----- Raw data -----

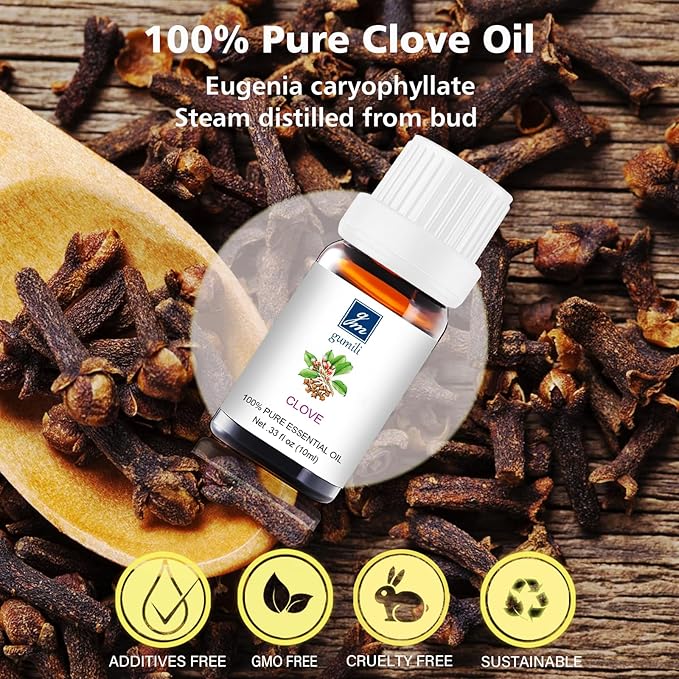 Clove Oil - Pure Organic Essential Oils for Skin, Hair, Diffuser, Spray, Roll On, Body Massage - Clove Bud Oil, 10mL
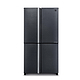 מקרר 4 דלתות מקפיא תחתון 525 ליטר נטו Sharp SJ-8570-SL עם התקן שבת מובנה - גימור נירוסטה מושחרת אחריות ע"י היבואן הרשמי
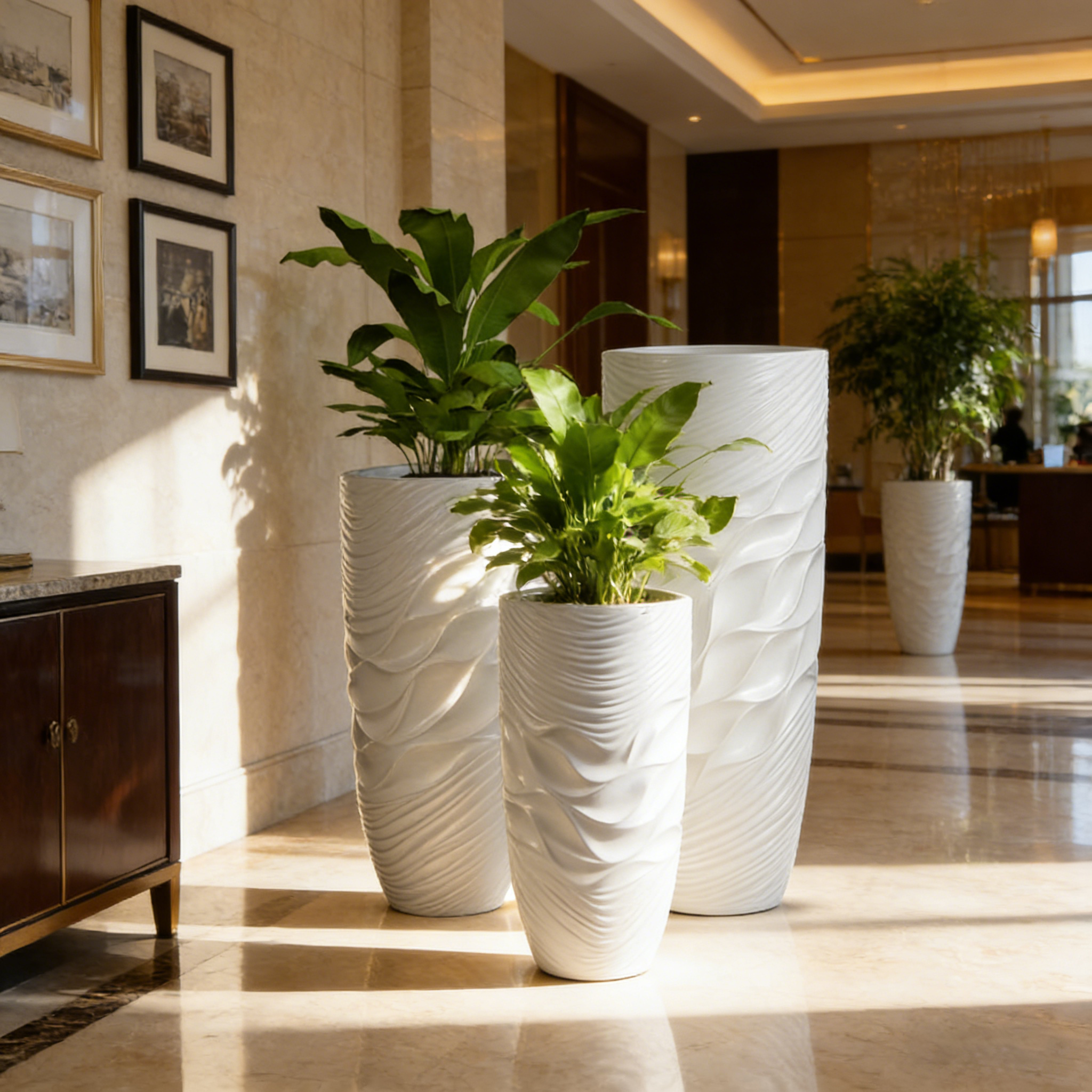 70/90/120cm große Bodenvase für die Heimdekoration, Fabrikzufuhr Fiberglas Bodenvase, große dekorative weiße moderne Vase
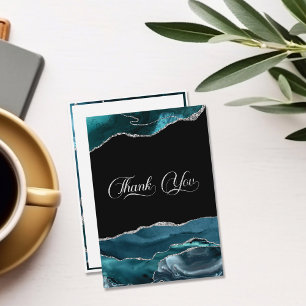 Teal Blue Silver Faux Glitter Thank You Card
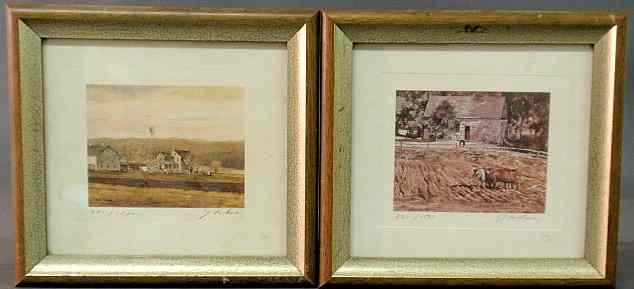 Appraisal: Pair of small prints of farms by James R Colway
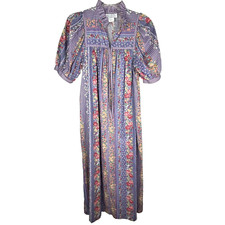 Vtg Donna Richard For Gilligan O'Malley Lavender Floral House Dress Nightgown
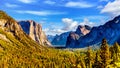 Tunnel View of Yosemite Valley with famous granite rock El Capitan on the left and dry Bridalveil Fall in Yosemite National Park Royalty Free Stock Photo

-----

What is expected – Print the whole listing exactly. No pictures belong in the copy.

Expected answer –
 Clove Oil - Pure Organic Essential Oils for Skin, Hair, Diffuser, Spray, Roll On, Body Massage - Clove Bud Oil, 10mL
 מקרר 4 דלתות מקפיא תחתון 525 ליטר נטו Sharp SJ-8570-SL עם התקן שבת מובנה - גימור נירוסטה מושחרת אחריות ע"י היבואן הרשמי
 70/90/120cm große Bodenvase für die Heimdekoration, Fabrikzufuhr Fiberglas Bodenvase, große dekorative weiße moderne Vase
 Teal Blue Silver Faux Glitter Thank You Card
 Appraisal: Pair of small prints of farms by James R Colway
 Vtg Donna Richard For Gilligan O'Malley Lavender Floral House Dress Nightgown
 Tunnel View of Yosemite Valley with famous granite rock El Capitan on the left and dry Bridalveil Fall in Yosemite National Park Royalty Free Stock Photo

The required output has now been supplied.